((
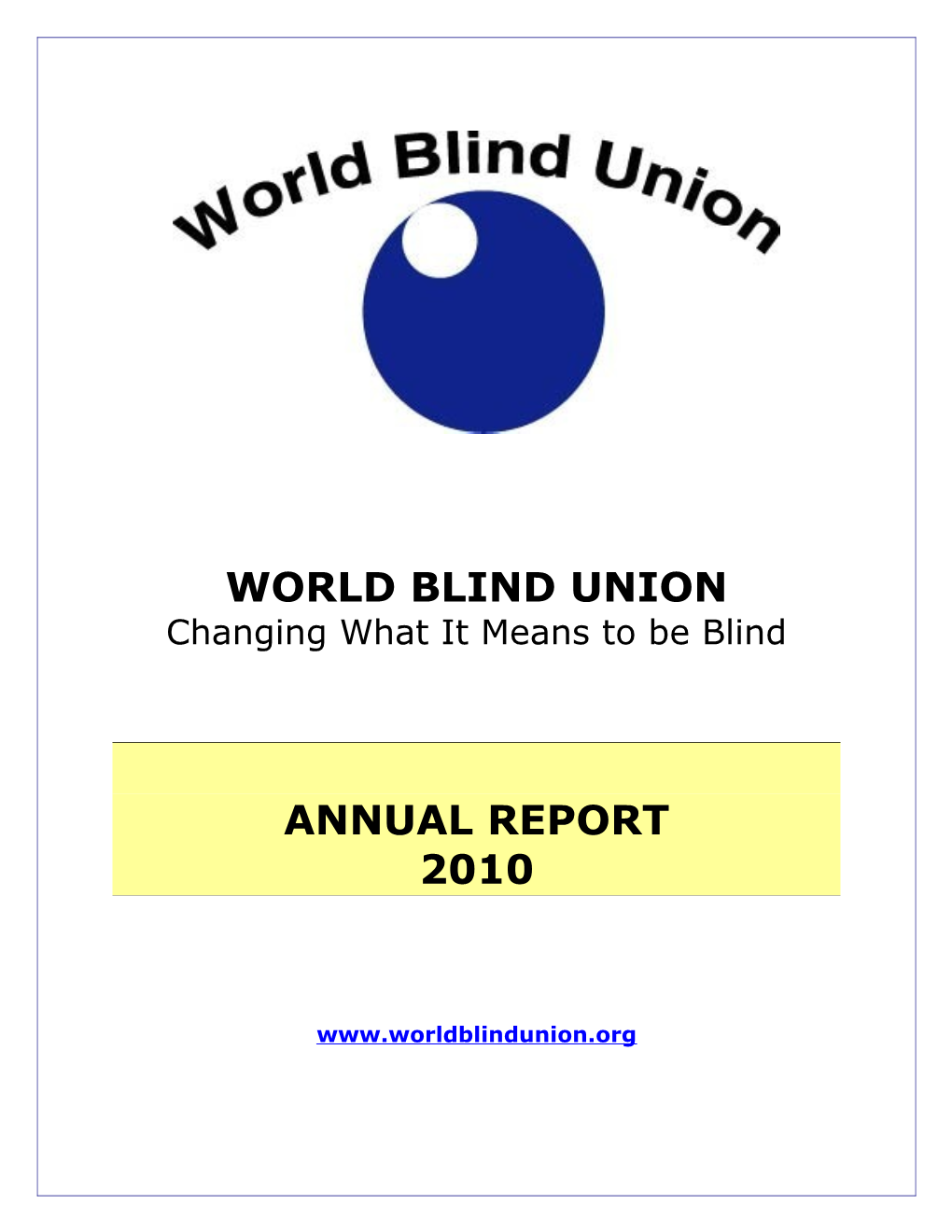 WBU 2010 Annual Report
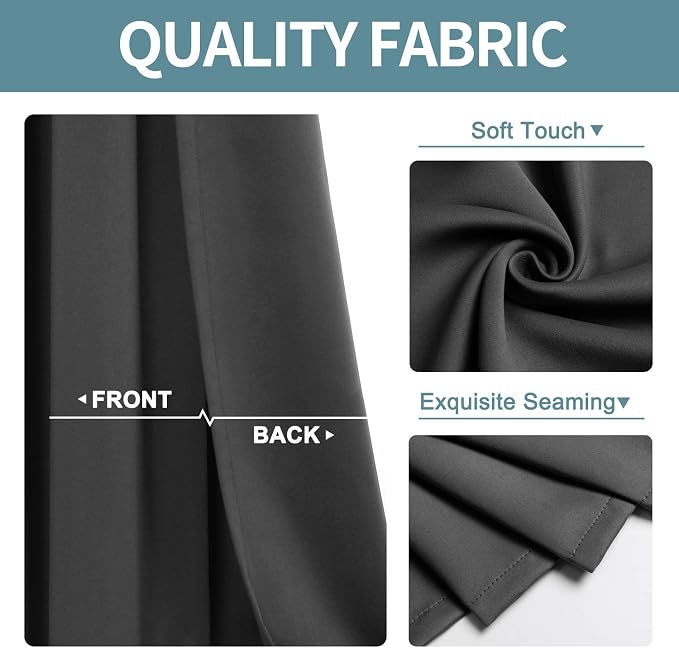 ChrisDowa Blackout Curtains for Bedroom 45 Inch Length Door Drapes, 1 Panel | - Image 3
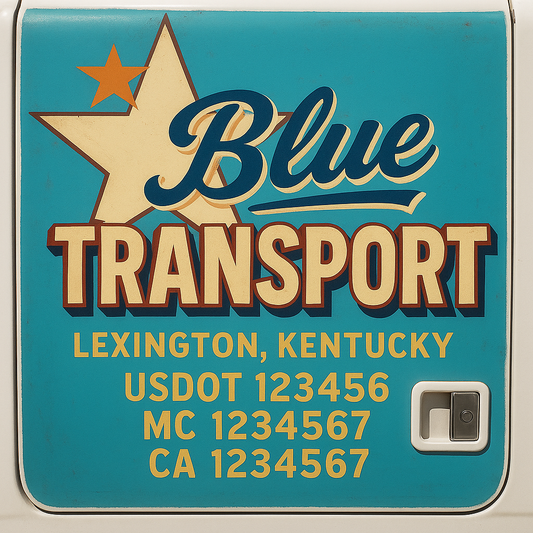 Trucking Door Decal With Name, City, USDOT, MC, CA, KYU, or Regulation Number Decal Stickers | Semi Truck US DOT Lettering Signs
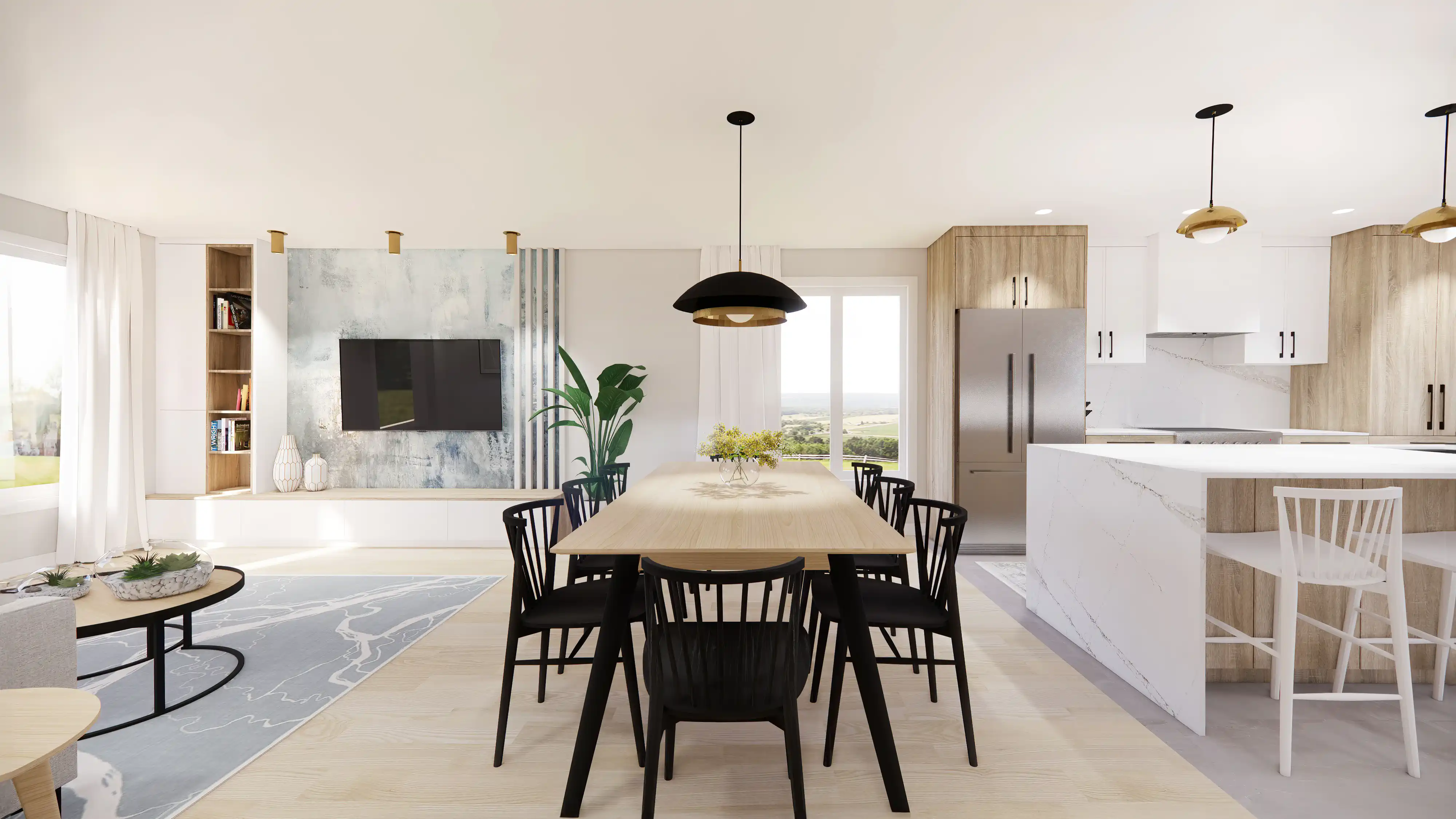 Rendu 3D d'une cuisine moderne avec îlot en marbre, équipements modernes et œuvres d'art encadrées, intérieur signé Sarah Brown Design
))
_TO DO_
Every line above should be repeated exactly; pictures stay out of the copy.

_EXPECTED ANSWER_
 WBU 2010 Annual Report
 ChrisDowa Blackout Curtains for Bedroom 45 Inch Length Door Drapes, 1 Panel | - Image 3
 Trucking Door Decal With Name, City, USDOT, MC, CA, KYU, or Regulation Number Decal Stickers | Semi Truck US DOT Lettering Signs
 Rendu 3D d'une cuisine moderne avec îlot en marbre, équipements modernes et œuvres d'art encadrées, intérieur signé Sarah Brown Design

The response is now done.